If anyone has abandoned rhetorical constraint and doubt, it is not the skeptics.
The paper’s treatment of scientific disagreement further illustrates its ideological enclosure. When skeptics invoke uncertainty, alternative explanations, or methodological critiques, these are framed not as arguments but as imported talking points, often attributed to malign influence:
“The article traces this evolution back to… the US climate change countermovement which diffused obstructionist views within the European far right already during the 1990s.”
This explanation absolves European skeptics of agency while simultaneously denying them intellectual autonomy. They did not reason their way to skepticism; they were infected by it. Ideas do not spread because they explain anomalies or resolve contradictions. They spread because of networks, ideology, and affect.
That is the worldview on display.
Even when the paper acknowledges internal dissent—articles within the same publications defending mainstream climate science or warning against conspiratorial thinking—these are treated as deviations from the narrative rather than evidence that skepticism is internally contested and intellectually heterogeneous.

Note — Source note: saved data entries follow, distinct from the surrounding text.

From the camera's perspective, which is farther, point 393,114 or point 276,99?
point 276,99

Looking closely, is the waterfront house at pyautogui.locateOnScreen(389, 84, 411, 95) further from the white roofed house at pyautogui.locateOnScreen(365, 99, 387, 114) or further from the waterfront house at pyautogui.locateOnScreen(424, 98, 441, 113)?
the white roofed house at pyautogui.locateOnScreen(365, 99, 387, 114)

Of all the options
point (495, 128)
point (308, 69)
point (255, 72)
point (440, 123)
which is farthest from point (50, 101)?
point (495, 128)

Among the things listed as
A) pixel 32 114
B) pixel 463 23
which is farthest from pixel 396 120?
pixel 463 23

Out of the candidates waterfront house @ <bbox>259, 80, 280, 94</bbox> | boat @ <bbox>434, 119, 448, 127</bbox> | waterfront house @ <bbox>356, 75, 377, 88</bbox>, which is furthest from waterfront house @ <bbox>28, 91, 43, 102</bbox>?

One such intervention is quoted by the author himself, warning that denying greenhouse-gas risks would be “fatal” from a scientific point of view. Yet this moment is not used to interrogate why skepticism persists despite such warnings. Instead, it is presented as a lost battle against an inevitable slide into obstruction.
The possibility that skepticism might be responding to real weaknesses in climate science or climate policy is never entertained.

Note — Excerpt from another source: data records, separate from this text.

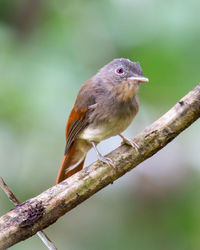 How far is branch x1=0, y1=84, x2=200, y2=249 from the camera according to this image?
2416 mm

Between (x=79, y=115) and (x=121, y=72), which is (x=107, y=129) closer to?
(x=79, y=115)

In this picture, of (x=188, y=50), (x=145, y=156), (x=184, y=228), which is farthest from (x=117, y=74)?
(x=184, y=228)

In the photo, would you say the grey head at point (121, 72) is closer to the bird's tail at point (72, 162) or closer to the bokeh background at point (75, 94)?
the bokeh background at point (75, 94)

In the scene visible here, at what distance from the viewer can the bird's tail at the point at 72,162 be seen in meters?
3.62

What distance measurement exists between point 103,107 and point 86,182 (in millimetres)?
940

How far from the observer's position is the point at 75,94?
333 centimetres

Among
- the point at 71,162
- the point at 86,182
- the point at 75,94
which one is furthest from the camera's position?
the point at 71,162

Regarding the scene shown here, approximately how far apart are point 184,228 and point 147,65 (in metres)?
1.25

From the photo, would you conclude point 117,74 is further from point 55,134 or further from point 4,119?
point 4,119

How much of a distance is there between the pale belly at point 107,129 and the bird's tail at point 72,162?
0.23 metres

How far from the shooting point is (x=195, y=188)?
3252 mm

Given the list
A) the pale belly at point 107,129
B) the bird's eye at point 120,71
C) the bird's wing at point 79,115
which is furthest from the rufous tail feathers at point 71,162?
the bird's eye at point 120,71

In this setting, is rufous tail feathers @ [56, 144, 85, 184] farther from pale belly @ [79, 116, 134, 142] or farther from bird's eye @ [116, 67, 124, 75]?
bird's eye @ [116, 67, 124, 75]

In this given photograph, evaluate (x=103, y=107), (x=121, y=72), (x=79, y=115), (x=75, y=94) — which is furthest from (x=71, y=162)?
(x=121, y=72)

Most striking is the paper’s repeated insistence that skepticism is fundamentally melodramatic:
“Through melodrama, powerful affective responses are circulated to ‘stick to’ and ‘stick together’, to increase polarization of ‘good vs. evil’.”
This would be a devastating critique—if it were not a perfect description of mainstream climate communication itself. Apocalypse framing. Moral binaries. Urgency narratives. Children as symbols. Dissenters as villains. These are not inventions of skeptics. They are staples of climate advocacy.

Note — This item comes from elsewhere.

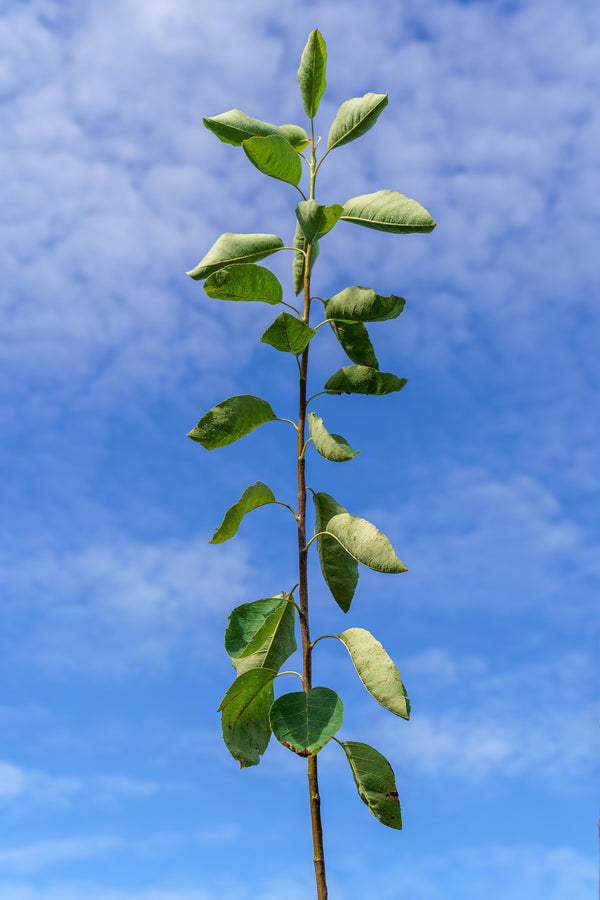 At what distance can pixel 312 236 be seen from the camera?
319 cm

Yet the paper treats melodrama as a one-way phenomenon, flowing outward from skeptics while leaving the dominant narrative untouched.
In the end, the paper accomplishes exactly what climate communication research has been doing for years: it studies opposition without granting it intellectual dignity. It catalogs language without engaging substance. It interprets disagreement as pathology. It substitutes affect theory for epistemology.
The most honest sentence in the entire paper is likely unintentional. When Forchtner writes that skepticism turns climate change into “another site for the making of far-right subjectivity,” he reveals the underlying assumption: climate change already belongs to one side. To resist that ownership is not to argue, but to trespass.
Until climate researchers are willing to step outside that assumption—until they can imagine that skepticism might arise from disciplined uncertainty rather than emotional deficiency—they will continue producing elaborate studies that explain everything except the thing that matters.
They may quote skeptics endlessly.
They may code them meticulously.
They may analyze their “affective economies” until the funding runs out.
They will still have no idea why climate skepticism exists.